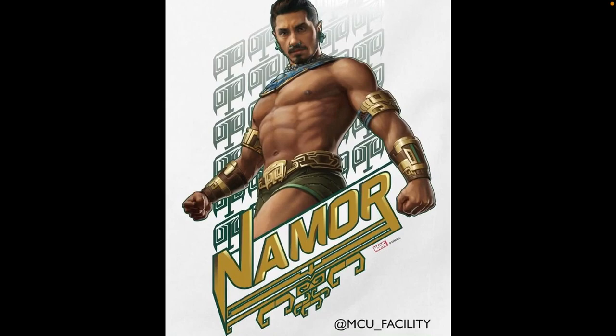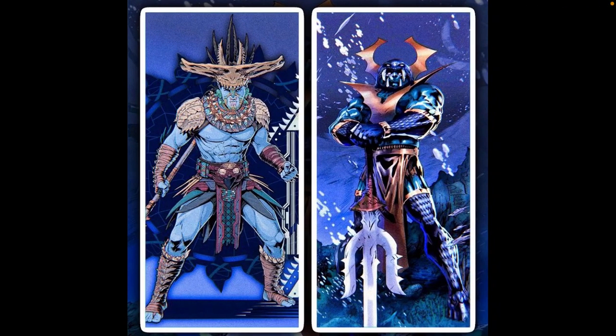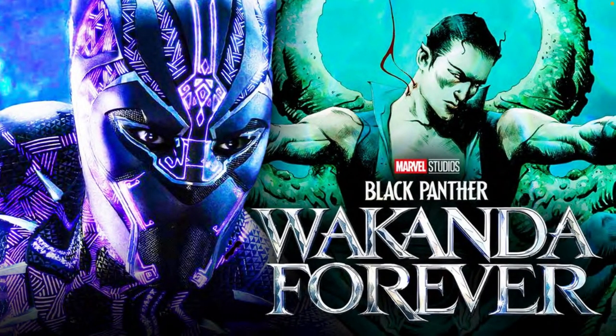Maybe he'll even get his own movie or his own Disney Plus series. But speaking of Namor and Atlantis, we also got a great look at Namor's arch enemy, Attuma. He's going to be another Atlantean in this film and most likely the actual big bad villain of Black Panther 2, but he looks great here. Here's a nice comparison between him and his design in the comics — he looks amazing. I'm just really excited to see Namor, Attuma and all the Atlanteans in Black Panther 2: Wakanda Forever.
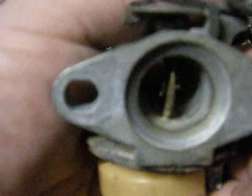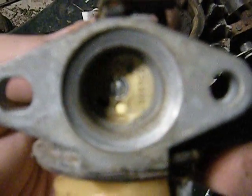Anyway guys, this is the throttle body side. So that's the air filter side, the throttle body's just one throttle butterfly there. And she doesn't look too bad — the needle's in good shape.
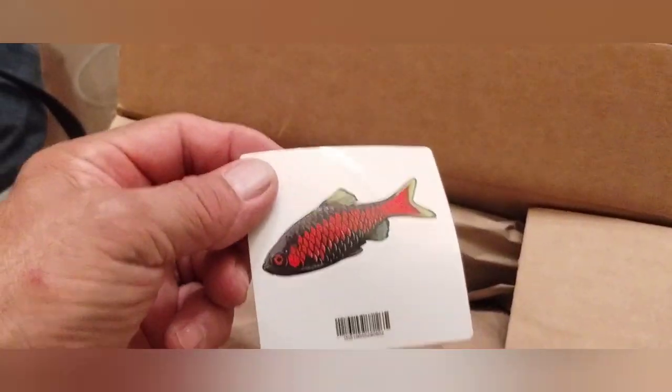I like that they always send a sticker — I think that is so cool. I've got about six of them already. Let me find a place to put them all up. He sent another nice little tote bag. Let me open this up real quick.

════

### DESCRIPTION OF THE TASK
Reproduce the material above in full, exactly, with no images.

### EXERCISE OUTPUT
Maybe he'll even get his own movie or his own Disney Plus series. But speaking of Namor and Atlantis, we also got a great look at Namor's arch enemy, Attuma. He's going to be another Atlantean in this film and most likely the actual big bad villain of Black Panther 2, but he looks great here. Here's a nice comparison between him and his design in the comics — he looks amazing. I'm just really excited to see Namor, Attuma and all the Atlanteans in Black Panther 2: Wakanda Forever.
Anyway guys, this is the throttle body side. So that's the air filter side, the throttle body's just one throttle butterfly there. And she doesn't look too bad — the needle's in good shape.
I like that they always send a sticker — I think that is so cool. I've got about six of them already. Let me find a place to put them all up. He sent another nice little tote bag. Let me open this up real quick.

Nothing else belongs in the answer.